One wouldn’t call the tone of the policy hawkish, but RBI Governor Sanjay Malhotra seems to be preparing the market for an extended pause before future rate hikes. At the moment, the overnight index swap (OIS) market, which reflects the future interest rate trajectory, is pricing in three rate hikes for the current year. That might be unlikely, but there could be rate hikes in future. When? Not too soon. The two-week ceasefire in the US-Israel-Iran war has changed the pitch, albeit for the time being. 

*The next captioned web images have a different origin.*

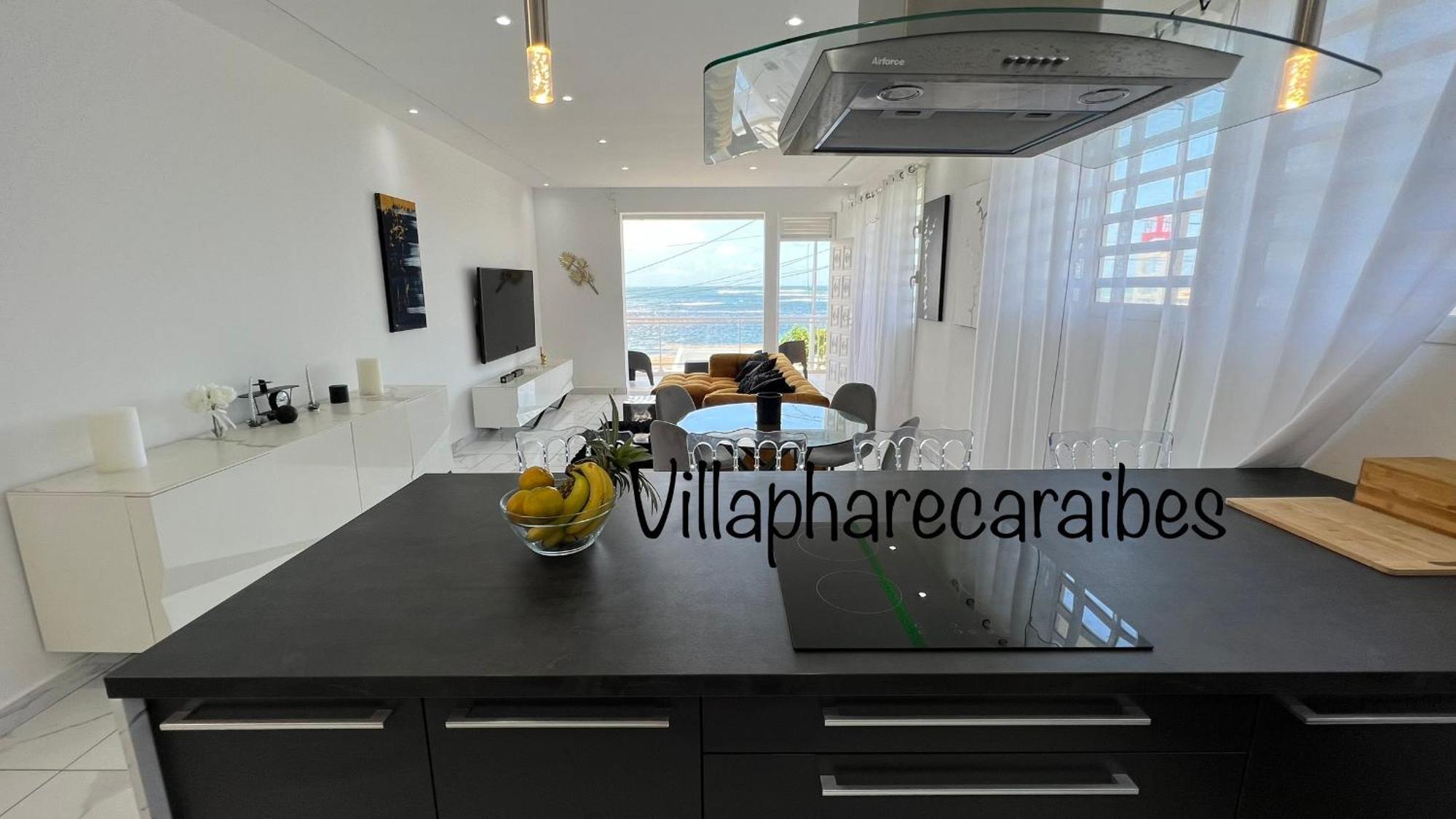 Villa Phare Caraibes Guadeloupe - Rooftop Jacuzzi & Ocean View Le Moule Exterior foto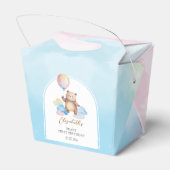Teddy Bear Balloon Clouds Beary First Birthday Bedankdoosjes (Achterkant)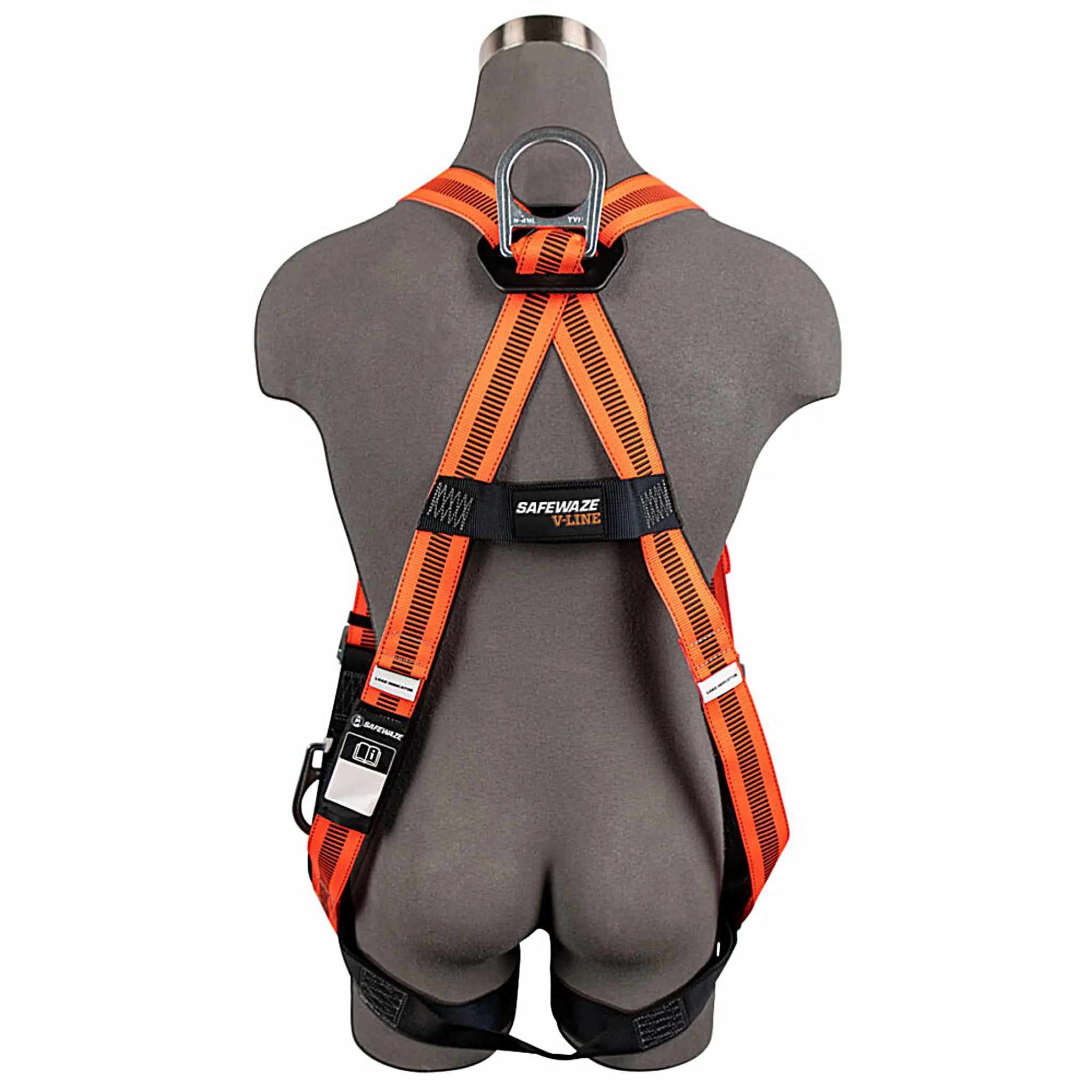 Safewaze FS99281-EFD V-Line Full Body Harness, Universal, 3D, MB Chest, FD, MB Legs, back_image_1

The 10-year bond yield dropped to 6.90 per cent, 14 basis points lower than Tuesday’s close. The rupee closed at 92.58 a dollar, 42 paise stronger. And equities roared. Though the policy was a non-event, the ceasefire announced on Wednesday cheered the markets. 
The MPC has recognised that the intensity and the duration of the West Asia conflict and its impact on the energy and other infrastructure are adding risks to both inflation and growth outlooks. At this juncture, the decision is to wait and watch the changing circumstances and the evolving growth-inflation outlook. The RBI will remain vigilant, closely monitoring incoming information and assessing the balance of risks. 
The signal is clear: If the uncertainties continue and the supply-side shock intensifies, there will be a rate increase. 
In his post-policy interaction with the media, Malhotra was non-committal on the rate front. “…it is quite possible that low rates will continue for a long time, as I mentioned — structurally, Indian economy is very strong, very resilient, very robust.… Structurally, long-term macroeconomic fundamentals — because of the various measures taken by the government, the RBI 
and various institutions — remain very strong and continue to drive growth, while at the same time keeping price pressures contained. So, it is possible that even in the short to medium term, we will continue to have low rates.” 
The governor flagged five critical concerns in his statement. While elevated crude oil prices could increase imported inflation and widen the current account deficit, disruptions in energy markets, fertilisers and other commodities could adversely impact industry, agriculture and services, reducing domestic output. 
It doesn’t end there. Heightened uncertainty, increased risk aversion and safe-haven demand could impact domestic liquidity conditions, economic activity, consumption and investment, even as weaker global growth prospects might dampen external demand and reduce remittance flows. 
Finally, adverse spillovers from global financial markets could tighten domestic financial conditions and raise the cost of borrowing. 
The RBI, of course, reiterated its commitment to remain proactive and pre-emptive in liquidity management and ensure sufficient liquidity in the banking system to meet the productive requirements of the economy. 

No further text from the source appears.